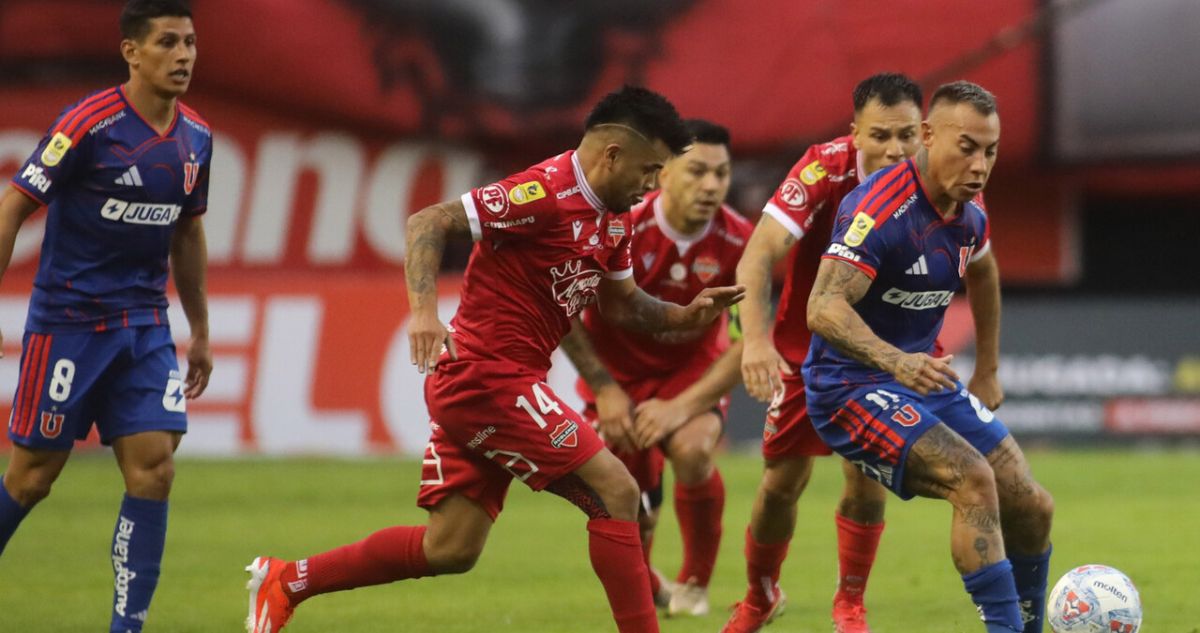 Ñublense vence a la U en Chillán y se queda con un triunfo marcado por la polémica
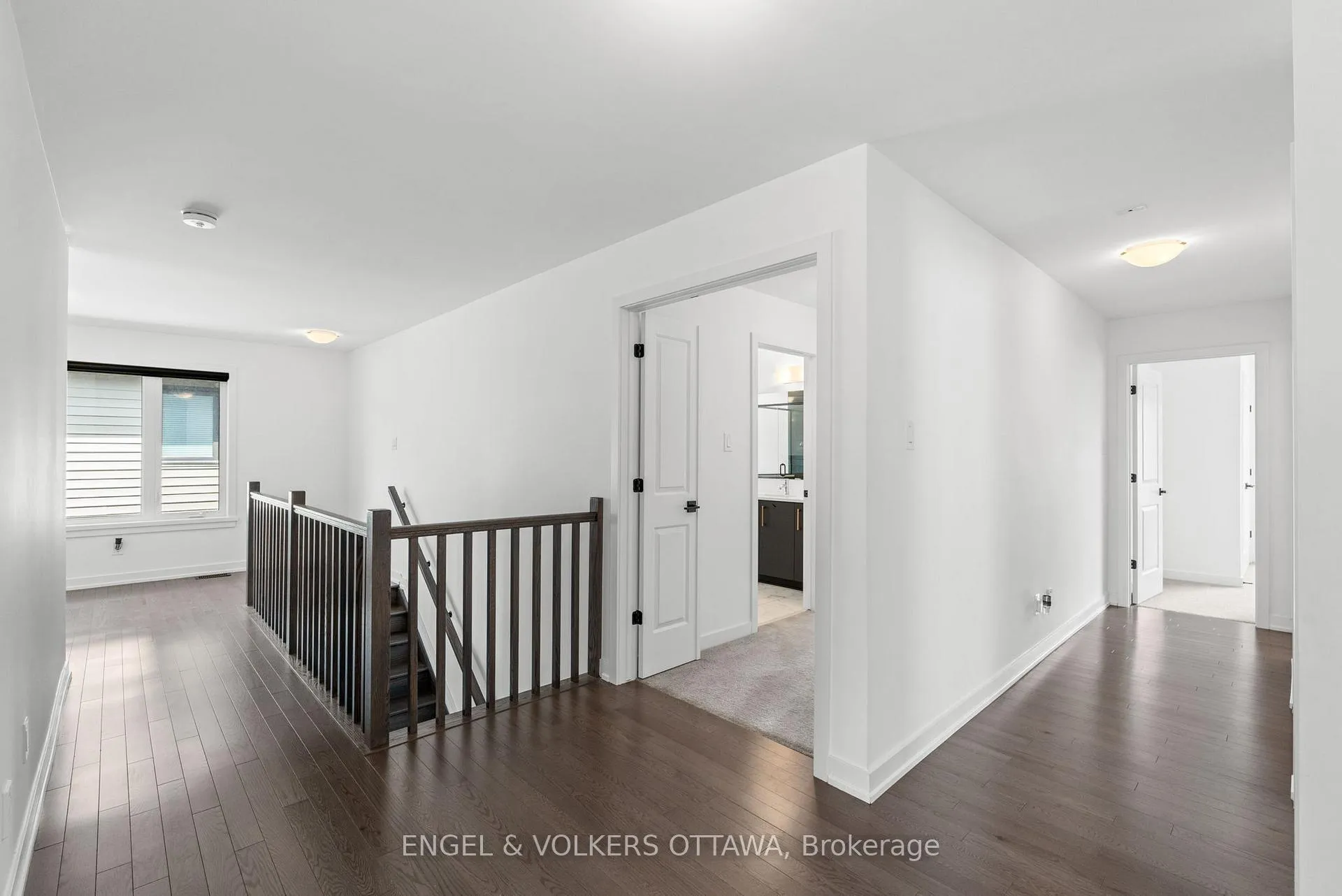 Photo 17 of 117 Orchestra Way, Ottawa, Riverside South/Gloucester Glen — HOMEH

---+---

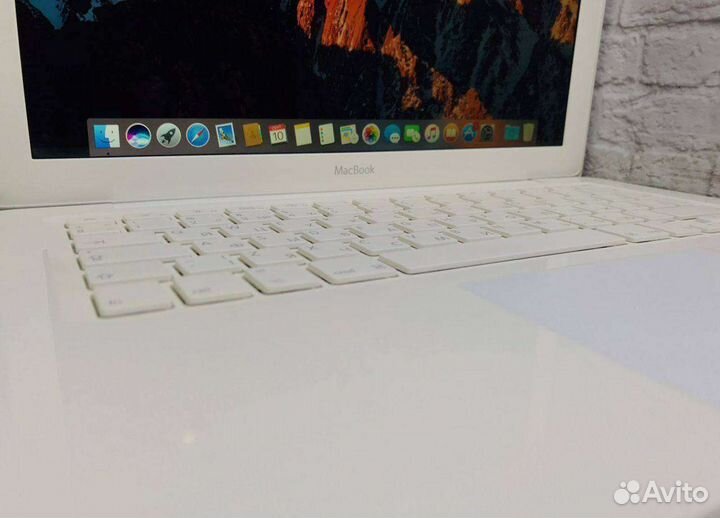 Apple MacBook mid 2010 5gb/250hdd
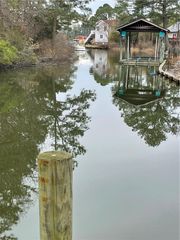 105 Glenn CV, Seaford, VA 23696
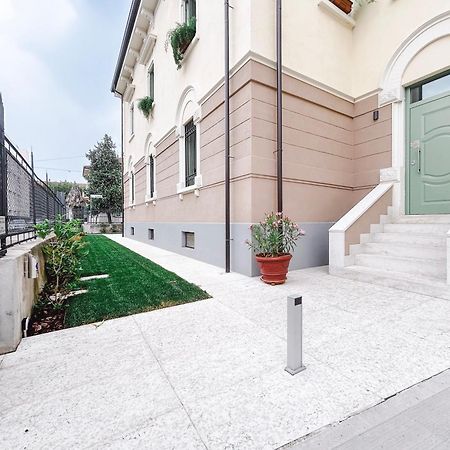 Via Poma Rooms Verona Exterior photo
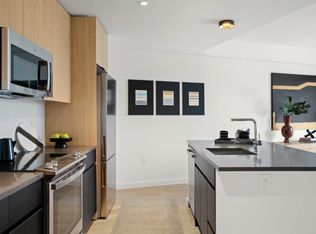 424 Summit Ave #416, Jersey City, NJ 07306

---+---

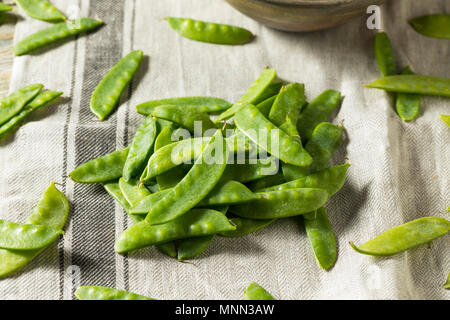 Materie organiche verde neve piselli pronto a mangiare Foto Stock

---+---

◆ What is being asked
Using the data above, print only the lines starting at the one with "Via Poma Rooms Verona Exterior photo" and ending at the one with "424 Summit Ave #416, Jersey City, NJ 07306", exactly as they stand, minus the pictures.

◆ Exercise solution
 Via Poma Rooms Verona Exterior photo
 424 Summit Ave #416, Jersey City, NJ 07306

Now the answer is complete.